Yahoo in the US last month announced it was ceasing to promote sexually related goods in its shopping and auction areas, citing user concern. Yahoo Australia/NZ is also doing this once current contracts expire.

Wellington-based Les Eldridge, founder of the Child Safety First movement (www.childsafety1st.org.nz), says Yahoo discussion groups account for a significant proportion of the sources of child porn his movement identified over recent weeks. These sites are misleadingly referred to as “child porn websites” in some media reports of Child Safety First’s activities.

A scan through Yahoo’s groups reveals group names clearly indicating child-porn content. Clicking on most of these group names simply produces the message “Ooops ... There is no group called [name]”. They appear to have been removed by Yahoo, but Yahoo Australia/NZ spokeswoman Anna Featherstone declines to confirm this.

Eldridge says most of the offending groups are shortlived, although some do successfully trigger. On experimentally “joining” two such available groups — through a remote PC and temporary email address — a Computerworld staffer could view pictures of nude and provocatively posed girls clearly under the age of consent. Later — and after “unsub-scribing” from the group — he received emails of material depicting sexual activity by obviously underage girls on adult males.

Yahoo’s “clubs” — a more elaborate arena for social interaction, allowing users to “chat” textually and orally in real time and post messages and images on a bulletin board — were also found in at least one instance to contain explicit nude images, though in this case of a woman of consenting age.

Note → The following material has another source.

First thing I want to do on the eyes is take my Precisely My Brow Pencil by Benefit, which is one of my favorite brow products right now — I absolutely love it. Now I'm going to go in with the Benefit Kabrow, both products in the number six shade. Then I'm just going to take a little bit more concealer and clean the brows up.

An attempt to access some clubs or individual images within club messages brought an “adult content” warning with a button to click to declare the user is over 18, but these warnings appear only sporadically.

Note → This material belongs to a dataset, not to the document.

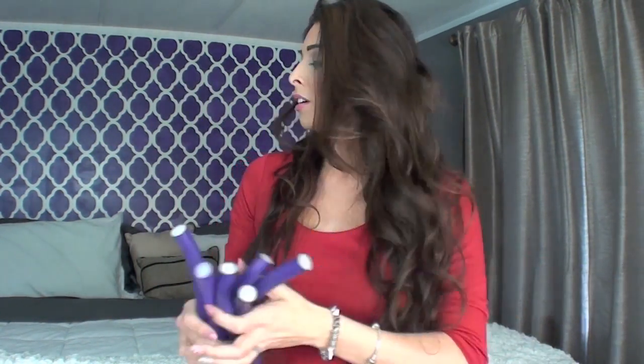Hey guys, I'm getting ready for bed and I'm gonna show you how to use these flexi rods. They're really very easy to use — I have about four, five, or six of them here. I'm gonna show you how to put them in so you can cut the time in the morning doing your hair. I wore them last night so this is already a day old and they're still curly and bouncy. I don't use any heat because all I do is sleep on them. So since I'm getting ready for bed I'm gonna show you how I put them in.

Yahoo Australia’s Featherstone says in an email statement: “In our Communities and Communications services, where the balance around speech activities is more difficult to strike [than with selling of goods], we are enforcing our terms of service with regard to adult content through a variety of methods.” She says the company will continue to implement technological tools such as filters, eliminate categories and “human resources”.

Yahoo’s terms include the clause: “You agree to not use the service to ... upload, post, email, transmit or otherwise make available any content that is unlawful, harmful, threatening, abusive, harassing, tortious, defamatory, vulgar, obscene, libellous, invasive of another’s privacy, hateful, or racially, ethnically or otherwise objectionable” As for “adult” goods in its shops and auctions, Featherstone says Yahoo Australia & NZ will be honouring its current contracts with adult banner advertisers and Adultshop, but will not be renewing them.

Eldridge says none of the child-porn images he has seen in his investigation of Yahoo groups and other sources appear to be coming from webservers in New Zealand.